WORK ORDER
Copy exactly, from the beginning of the material below, every line up to and including the one holding "HerbEra Schisandra B60", with the pictures left out.

Start of Block

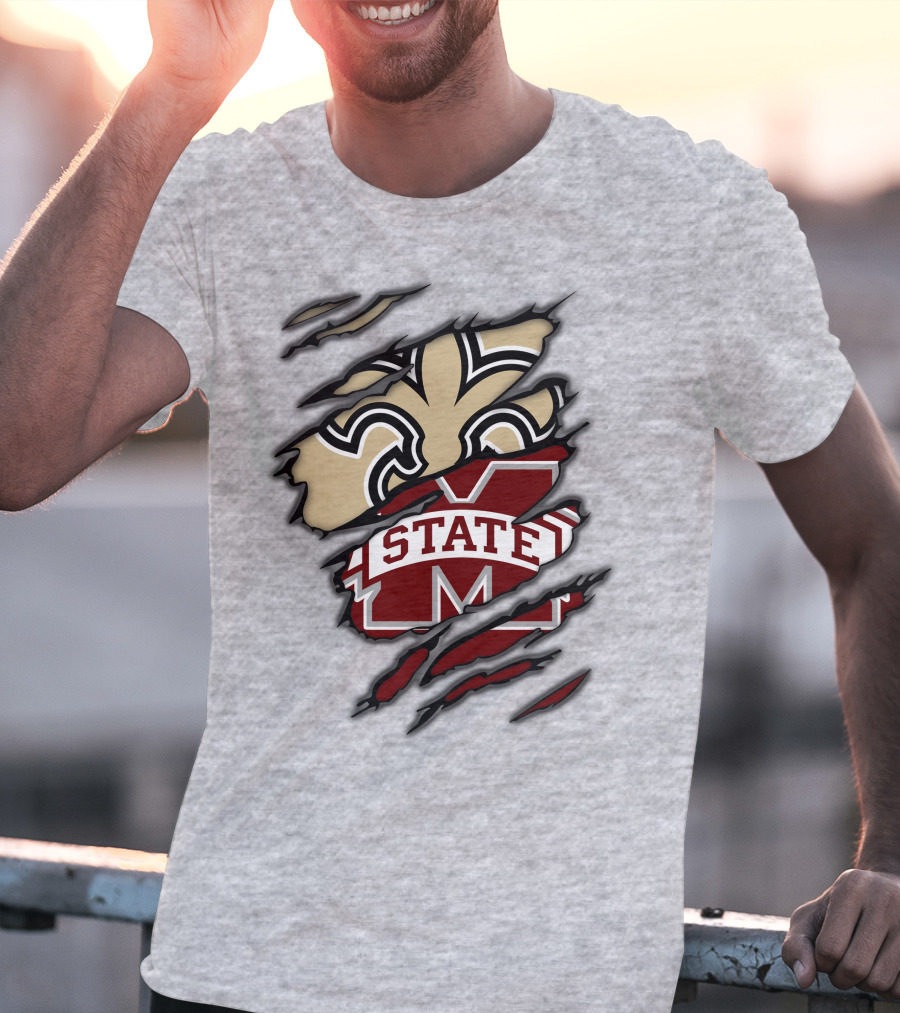 Saints Mississippi State Bulldogs Fleur-de-Lis Logo Combo T-Shirt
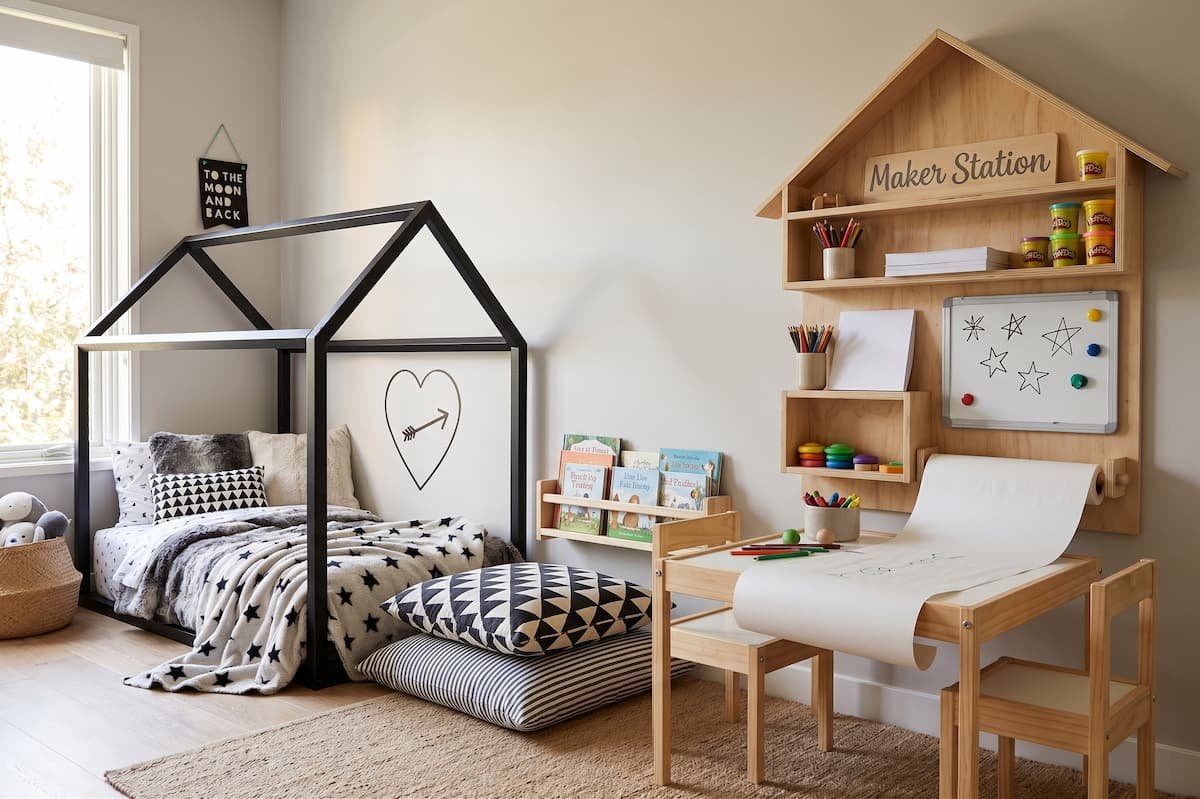 Mesa infantil con rollo de papel para pintar, pizarra y estanteria de madera junto a cama casita estilo nordico.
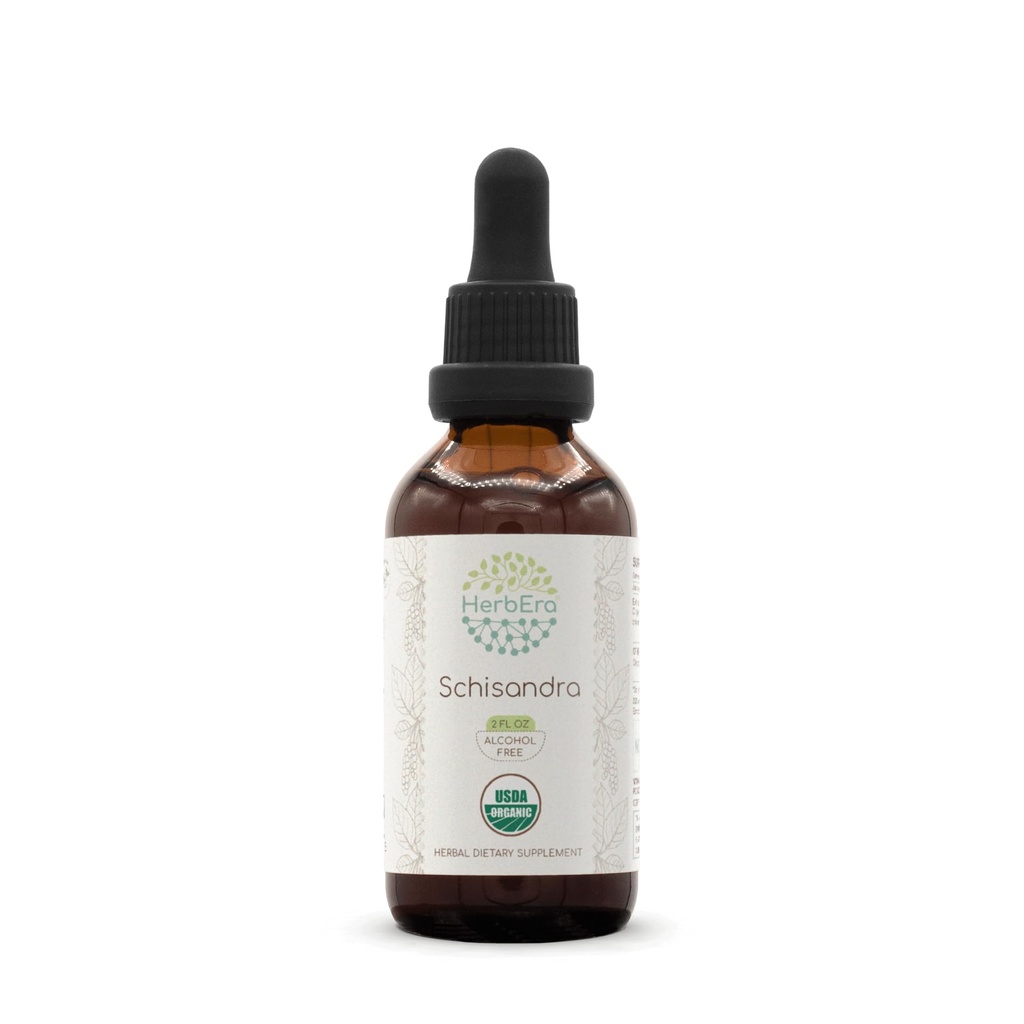 HerbEra Schisandra B60 USDA orgaaniline tinktuur | Alkoholivaba ekstrakt, suure tugevusega taimetilgad, vedel lisand | sertifitseeritud orgaaniline šisandra (Schisandra Chinensis) Kuivatatud marja (2 oz)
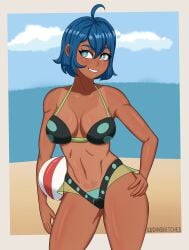 1girls beach beach_ball belly belly_button big_breasts blue_eyes blue_hair blush blushing breasts curves curvy dark-skinned_female dark_skin female female_focus female_only large_breasts ludinsketches sea smile smiling swimsuit swimwear tagme tan tan_skin tanline tanlines tanned tanned_female tanned_girl tanned_skin tara_(ludinsketches) thick thick_thighs thighs tummy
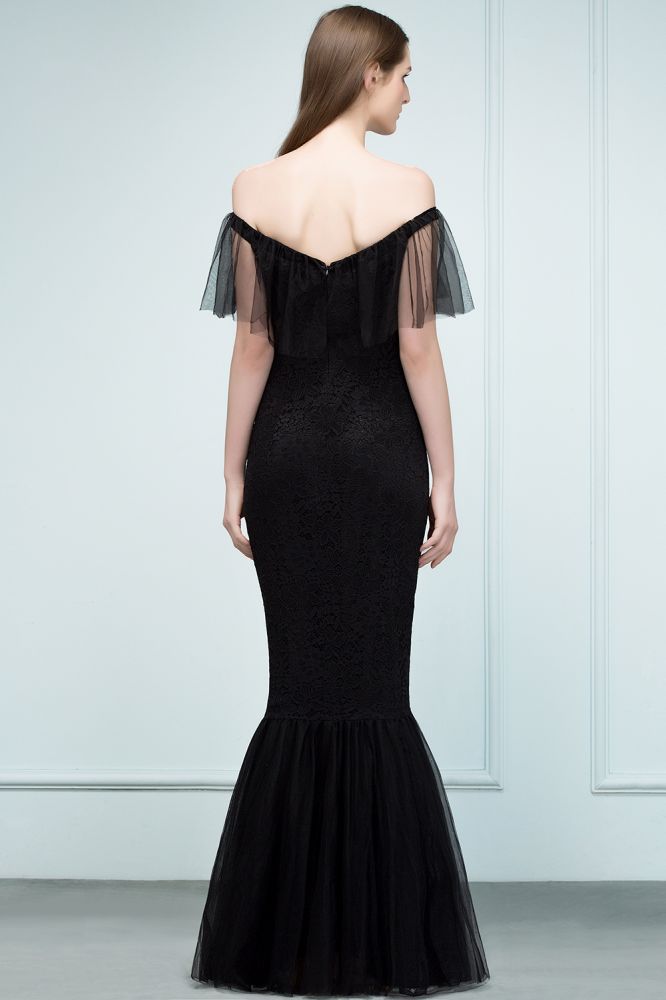 Vestidos de fiesta de tul con encaje de sirena y hombros descubiertos hasta el suelo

End of Block

TASK OUTPUT
 Saints Mississippi State Bulldogs Fleur-de-Lis Logo Combo T-Shirt
 Mesa infantil con rollo de papel para pintar, pizarra y estanteria de madera junto a cama casita estilo nordico.
 HerbEra Schisandra B60 USDA orgaaniline tinktuur | Alkoholivaba ekstrakt, suure tugevusega taimetilgad, vedel lisand | sertifitseeritud orgaaniline šisandra (Schisandra Chinensis) Kuivatatud marja (2 oz)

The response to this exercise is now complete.